One year after Taiwan's President Chen Shui-bian and his running mate Annette Lu were wounded on the eve of the island's 2004 election, Taiwan's Criminal Investigation Bureau announced last week that it had a suspect: Chen Yi-hsiung, an unemployed man who blamed the President for his economic woes. The only problem: Chen Yi-hsiung is dead. Police say he drowned off the southern city of Tainan 10 days after the March 19 shooting, a death now considered a suicide. It's a case with huge import: hours after the attempted assassination, President Chen won re-election by a mere 0.2% margin, a vote that prompted large demonstrations in Taipei.
Working off a tip identifying Chen Yi-hsiung from video footage shot near the attack, authorities spent months tracing the bullets used in the attack to an illegal gunmaker, and then to Chen Yi-hsiung. Investigators questioned his family, who police say burned suicide notes that may have explained his actions. (His wife later appeared in a video apologizing for her husband's crime.) But President Chen's foes claim that the assassination attempt was engineered to win sympathy votes—and with Chen the suspect dead, they argue that the investigators' findings are impossible to prove. "The police reasoning is far-fetched," complains Li Yong-ping, a legislator from the opposition People First Party. "All the evidence doesn't explain such a conclusion."

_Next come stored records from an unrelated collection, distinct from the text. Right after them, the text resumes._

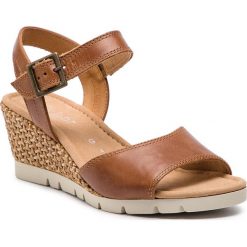 Espadryle GABOR - 82.842.53 Peanut. Brązowe espadryle damskie marki Gabor, z materiału, na obcasie. W wyprzedaży za 299,00 zł.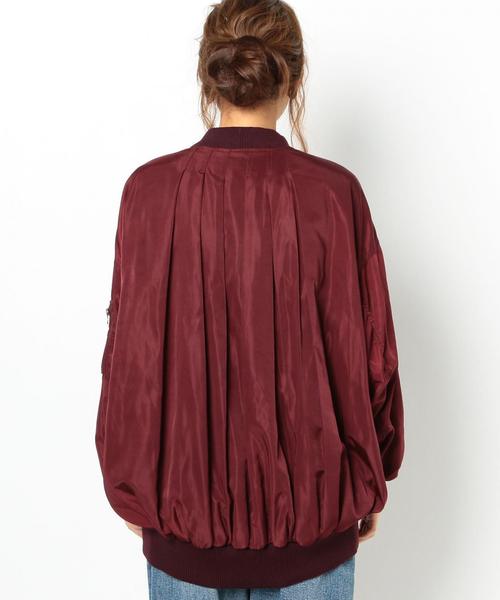 Another Edition（アナザーエディション）の「ビックMA-1/AEＭBC　BIG MA-1（MA-1・レディース・ワインレッド/オリーブ・SMALL/MEDIUM）」の3枚目の写真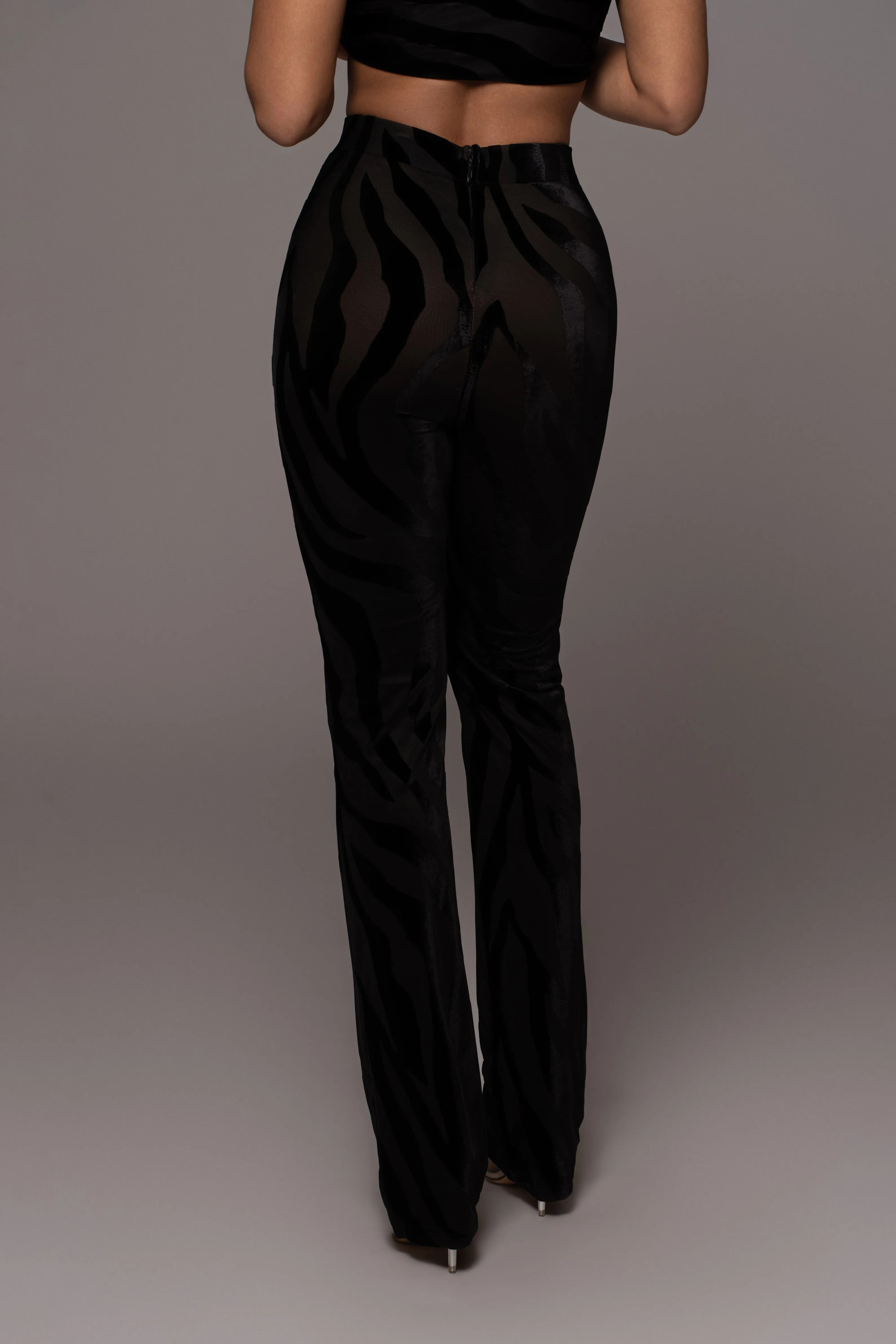 Noir Zebra After Midnight Pants sold by JLUXLABEL product image thumbnail 5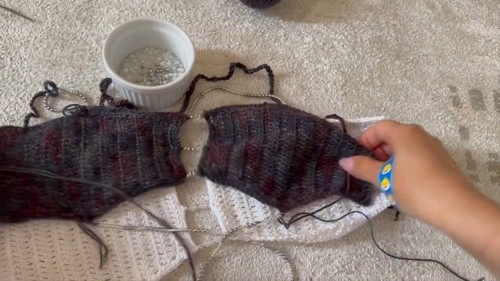 Crochet Beaded Top pattern 2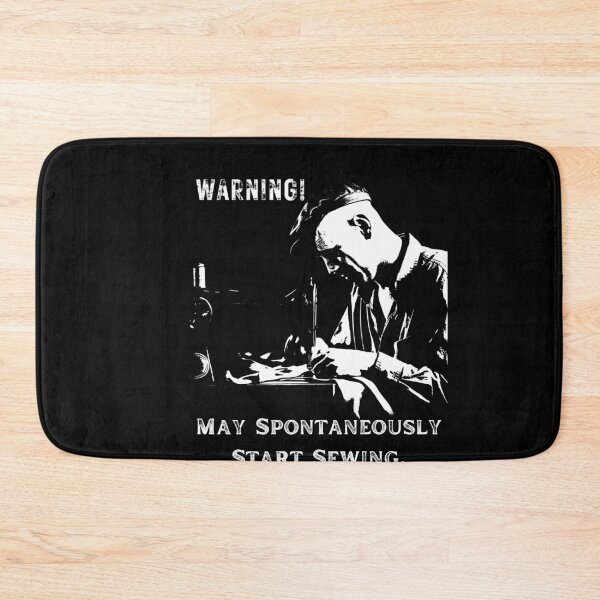Item preview, funny man sewing, fun leather crafter designed and sold by EwaVerse.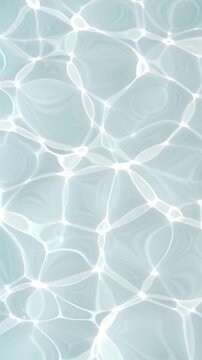 Soft water reflection creates calm background with gentle light and smooth blue surface pattern enhancing cosmetic design and refreshing atmosphere perfect for beauty and skincare themes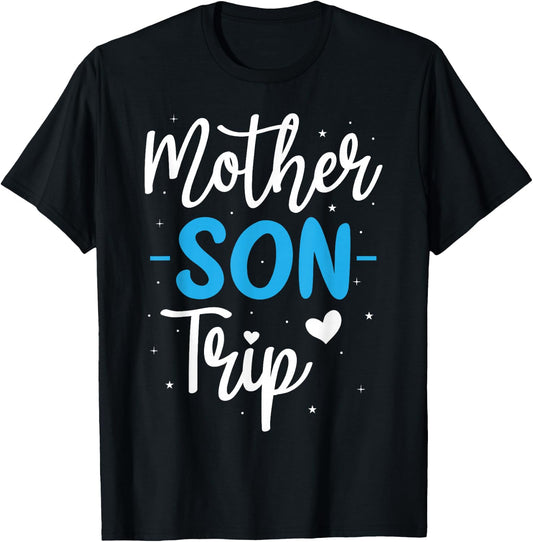 Mother Son Trip Summer Family Vacation Trip Cruise Beach T-Shirt - T-Shirt | Black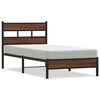 vidaXL Bed Frame without Mattress Brown Oak 107x200 cm Engineered Wood
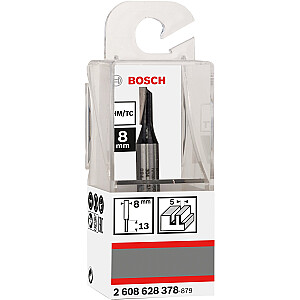 Bosch standarta rievu griezējs kokam, 5 mm, darba garums 12,7 mm (8 mm kāts, viena mala)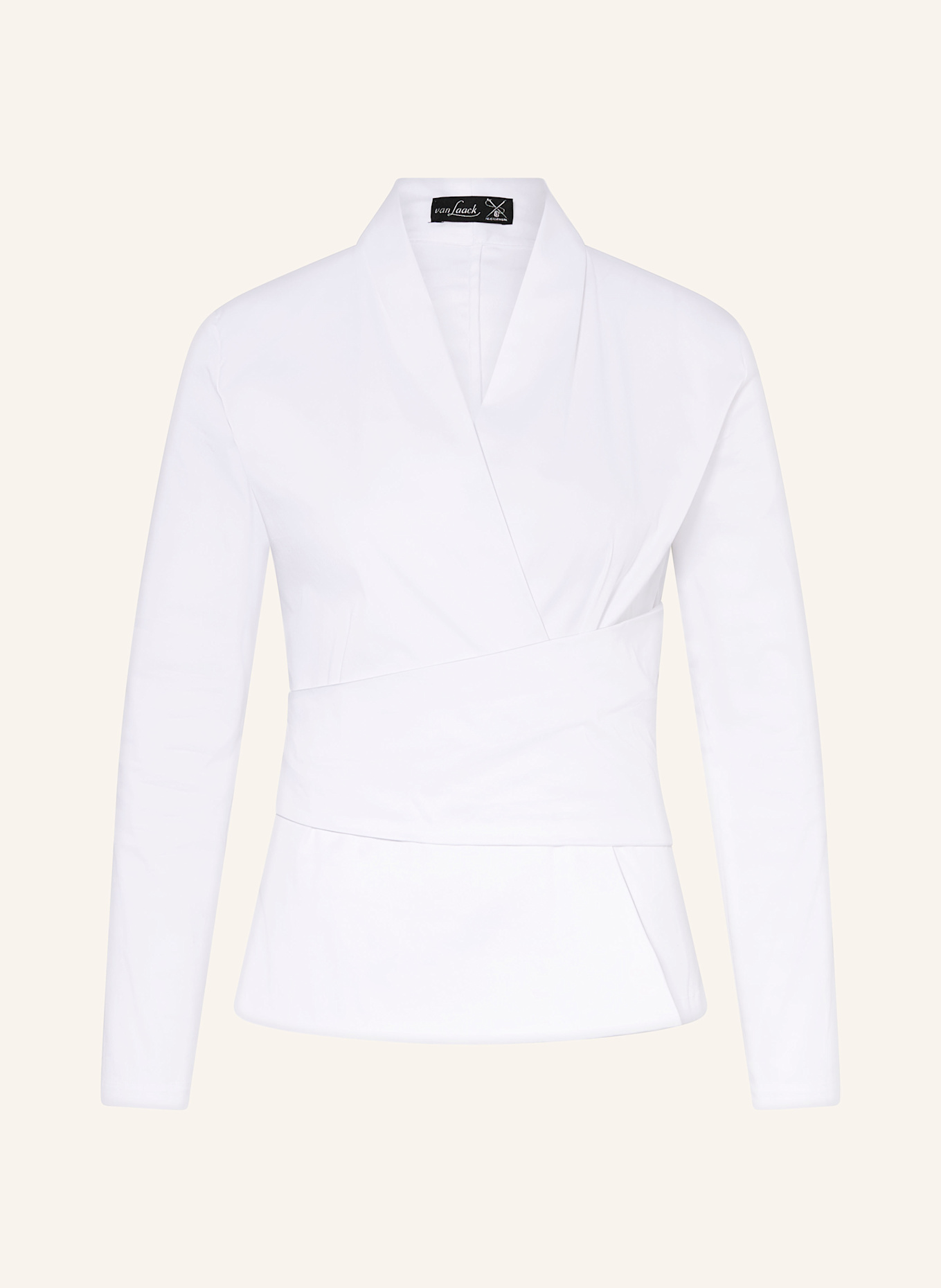 

Блузка-Рубашка с запахом Доника Van Laack, белый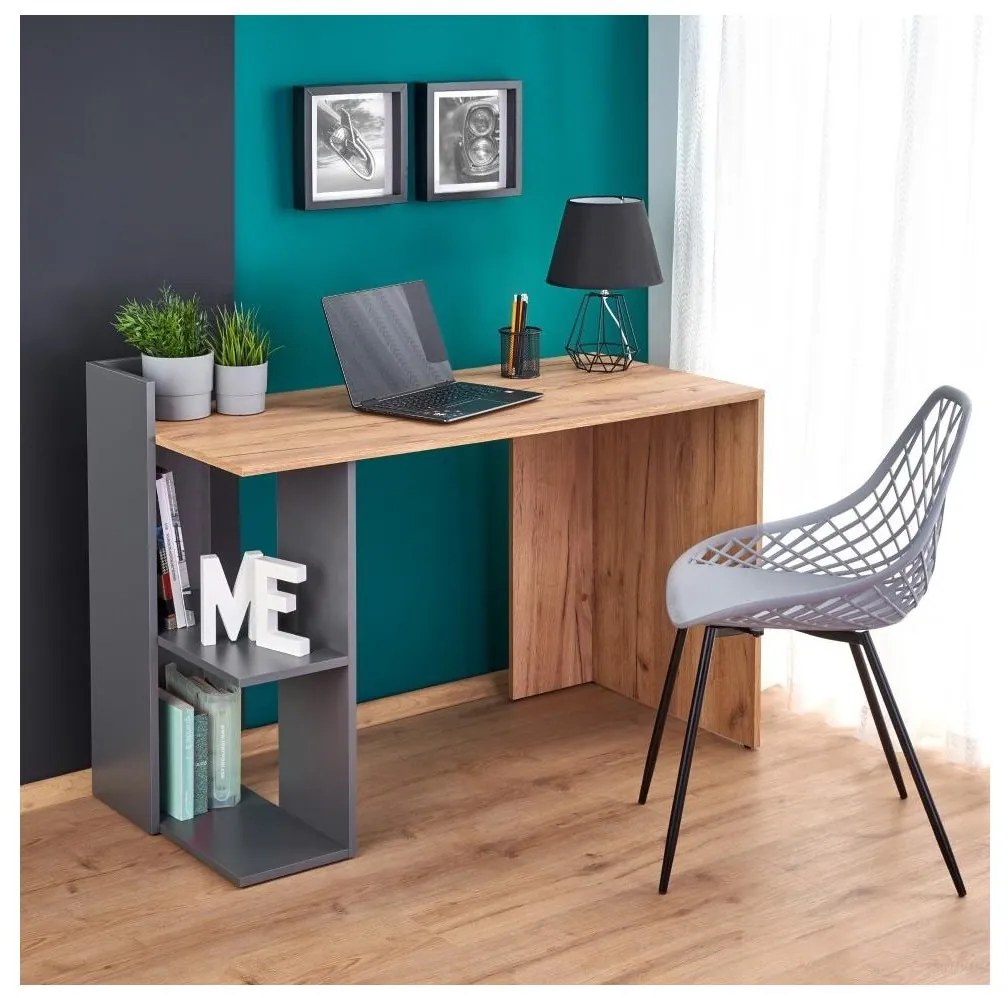 Íróasztal COZYRA Wotan tölgy/antracit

It's a common sentiment: a poll last Wednesday by the China Times newspaper found that only 21% of respondents believe the theory. Even Vice President Lu said last week that she thinks there were two shooters. Facing such doubts, the police are feeling hard-pressed to come up with an explanation that will satisfy critics. "All we can do is try to piece everything together," says Hou Yu-ih, head of the Criminal Investigation Bureau. As yet, a lot of pieces are still missing.